So a few week’s past I had the opportunity to sit down with Jordan, one of the bartenders at the Skylark. I was able to turn the tables and make him a cocktail for once (which he approved of!) and then we got to talking.
Brian: This is Brian and I’m lucky to be sitting with Jordan, one of the bartenders of the Skylark Bar who is usually running the scenes behind the bar during the nights that Hunny Bunny and her Hot Toddies are performing.
Jordan: Good to be here Brian.
B: So let’s talk about home base of the Skylark, where I like to spend most of my Fridays, not just because of the acts, but also because of your charming company and good drinks.
J: *laughs* If you put it that way.
B: I will put it that way!
J: Thank you!
B: So, has Hunny Bunny been a recent addition at the Skylark?
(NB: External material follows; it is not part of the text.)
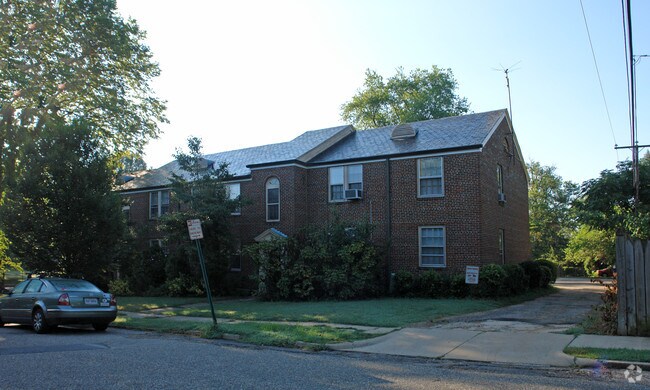Building Photo - 1320-1324 Kenmore Ave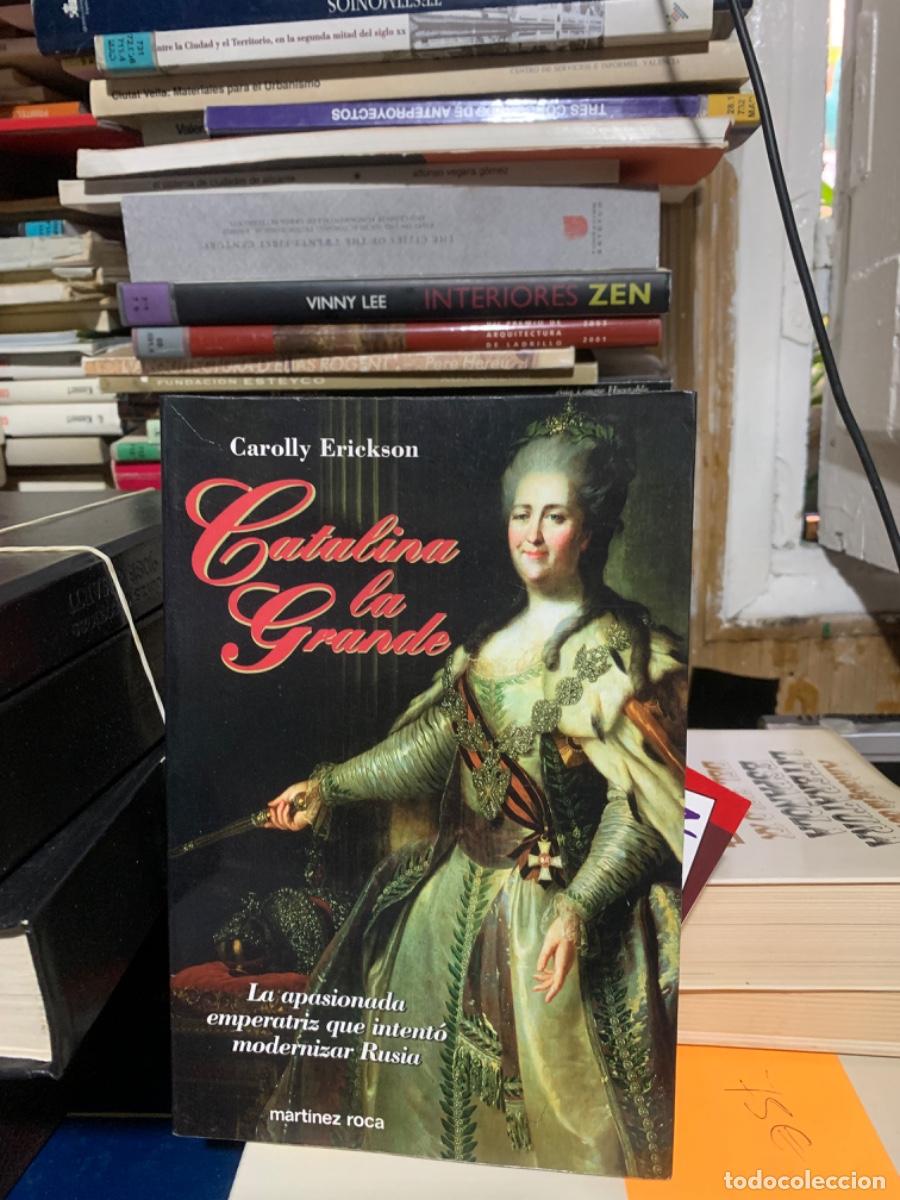 Libros de segunda mano: Catalina la Grande, Carolly Erickson, Mart&iacute;nez roca - Foto 1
J: Hunny Bunny and her hot toddies have been doing a monthly for many years and I’m pretty sure it was going on …
B: Before you got back?
J: Yes well before I got back from Austin. Jeffrey had Fridays before I got back, good friend of mine, it was going on a few years I think. I don’t know exactly when but it’s been a tradition.
B: Has it always been…. when it was monthly was it a nice break from the usual Fridays? Does the crowd change you would say?
J: 16th and Valencia is such a crossroads, you never quite know what’s going to happen, some dancers will have a draw, sometimes a bunch of people come to see the show, sometimes it’s just sort of happening and it becomes a part of the fun of the Skylark. But it’s good to see regulars such as you and others come to the show every week. It’s nice to see a core group there.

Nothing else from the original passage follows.